Malaysian gas shipping giant MISC is poised to make a move on LNG carrier newbuildings and has set aside berths for tonnage.

TradeWinds understands that MISC has signed a letter of intent at Samsung Heavy Industries for two ships.

Details remain sparse on the booking, which industry sources said could mark a return to LNG ordering for the interests of Petronas, rather than for project business.

Asked about the order, an MISC spokesperson said: “MISC explores strategic opportunities that align with our long-term goals, as a normal course of business.

“MISC will certainly communicate with relevant stakeholders if and when there is material development on the opportunities we explore.”

The shipowner has been a regular at shipyards for LNG tonnage over the years and has moved through different technical preferences on ship specifications.

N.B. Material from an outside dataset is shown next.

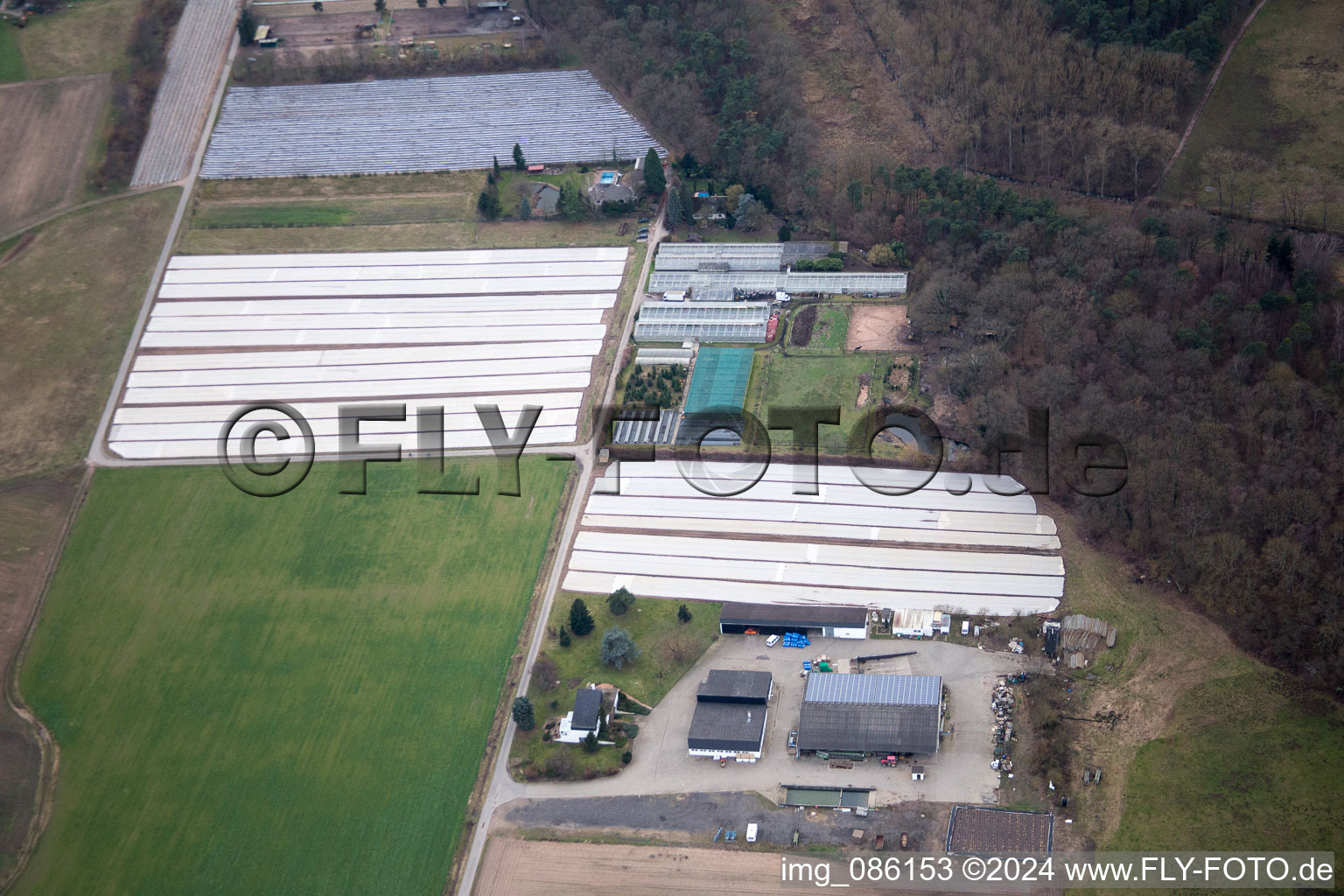 Hanhofen in the state Rhineland-Palatinate, Germany seen from above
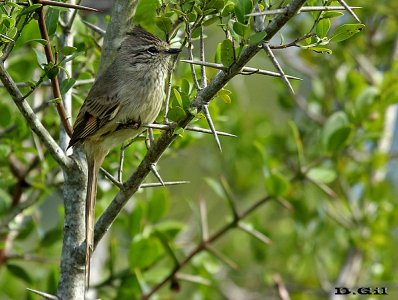 COLUDITO COPETÓN (Leptasthenura platensis) - Monte en Las Brujas-CANELONES (Mayo 2013)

It has two LNG carrier newbuildings ordered at Hanwha Ocean in South Korea, but these are part of QatarEnergy’s huge 122-vessel newbuilding programme and are contracted against berths pre-reserved by the Qatari giant.

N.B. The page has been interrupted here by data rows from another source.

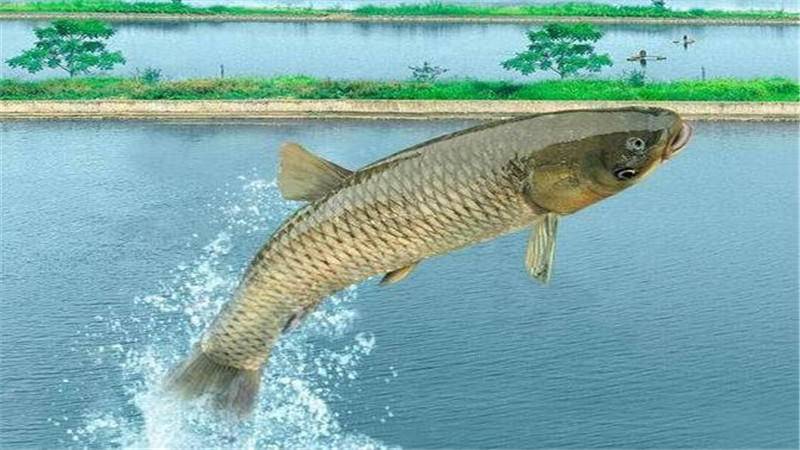 草鱼也能有大文章,身材苗条鳞片光滑,还喜欢活蹦乱跳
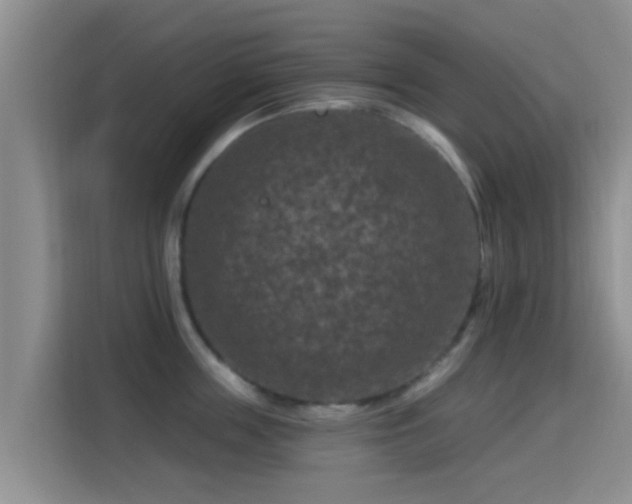 X0000115290859200911090950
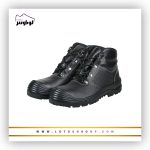 پوتین ایمنی دماوند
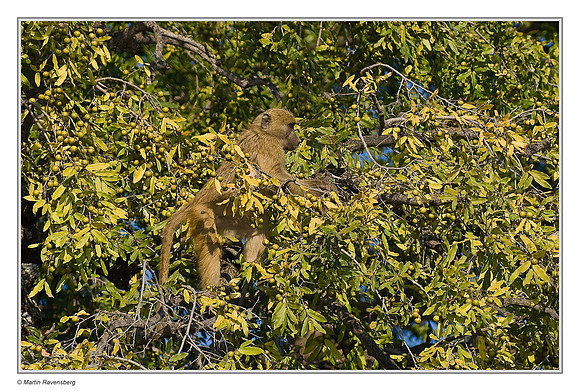 Chacma or Cape Baboon (along the Chobe River) in the Chobe National Park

In addition, MISC is a partner in a consortium that includes NYK, K Line and China LNG Shipping that is building a series of LNG carriers that will be chartered to QatarEnergy.

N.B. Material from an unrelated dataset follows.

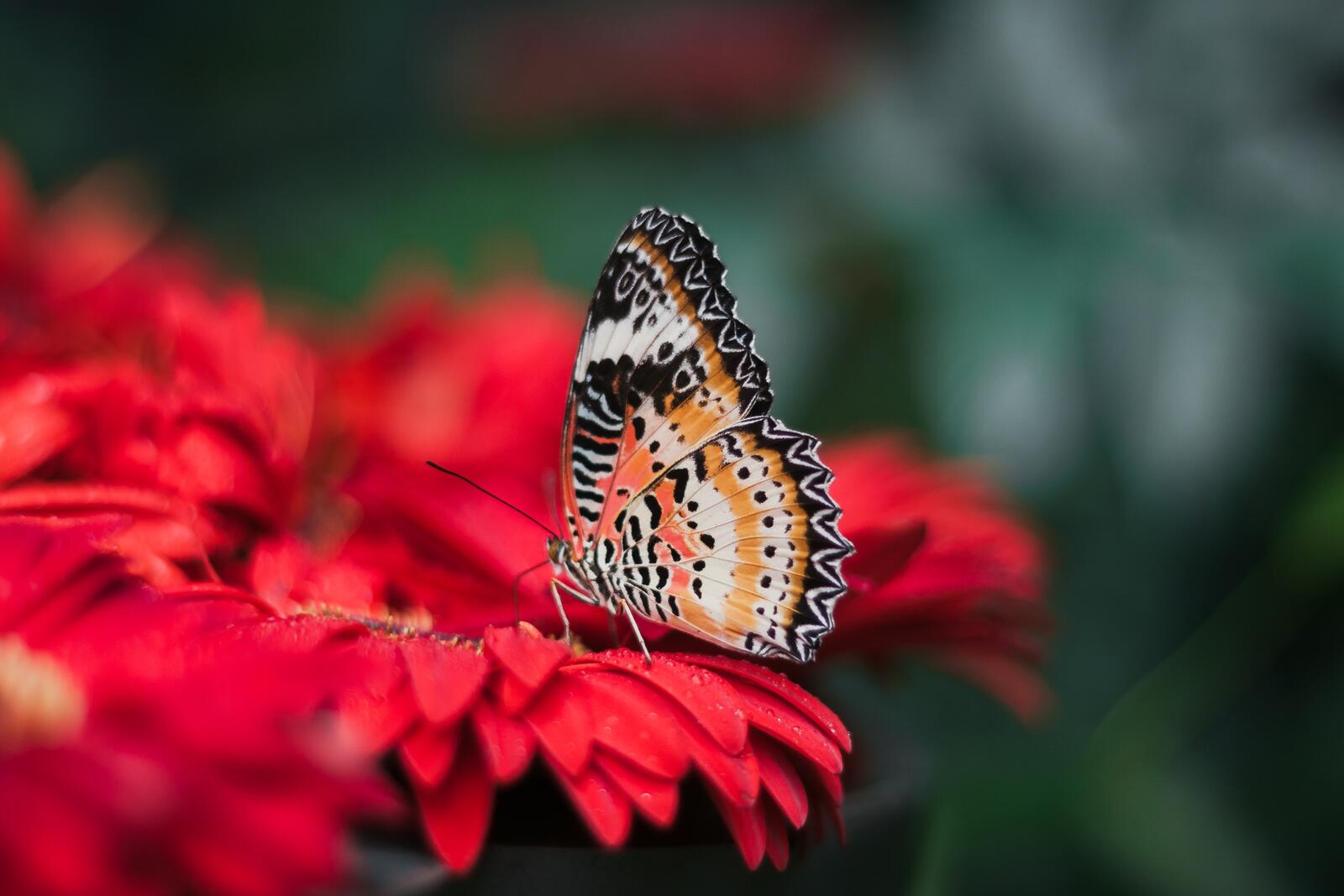 Free photo A beautiful butterfly on a red flower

MISC is listed on Clarksons’ Shipping Intelligence Network database as having 30 existing LNG carriers, including two that serve as floating storage units for a jetty-based import terminal.

Four of its LNG carriers are listed as idle, while a fifth — the 137,100-cbm Puteri Delima Satu (built 2002) — is listed as laid up. Kpler data shows the steam turbine vessel as in ballast off South Korea, where it appears to have been since the beginning of this year.

Last October, MISC said it had signed an agreement with Petronas Gas subsidiary Pengerang LNG (Two) to convert the steamship into a floating storage unit to be deployed at the Petronas LNG Regasification Terminal Pengerang in Johor. It is due to be in operation by mid-2025.

There is speculation that MISC’s planned newbuildings could be a sign that it is moving on fleet renewal. The company has also spoken in a results briefing about fleet growth to meet expected demand from liquefaction growth.

The shipowner has been selling off some of its older tonnage.

It offloaded two midsize steam turbine sister ships, the 65,000-cbm Portovenere (built 1997) and Lerici (built 1998), earlier this year to Turkey’s Karpowership for $9m each. Both appeared idle at the time of sale.

In September 2023, MISC sold two unnamed vessels to Japanese shipowner Nissen Kaiun in a first sale-and-leaseback deal for the Malaysian owner in the LNG sector.

Earlier in 2023, MISC offloaded its 137,489-cbm Puteri Intan Satu (renamed Trader III, built 2002) to Capital Gas for about $35m.

Petronas will probably be instrumental in any MISC fleet renewal moves.

Petronas has been moving to grow its LNG carrier trading operations globally and will most likely be keen to gain access to larger, modern and more efficient tonnage than some of older, smaller steam turbine and diesel-electric vessels in the current MISC fleet.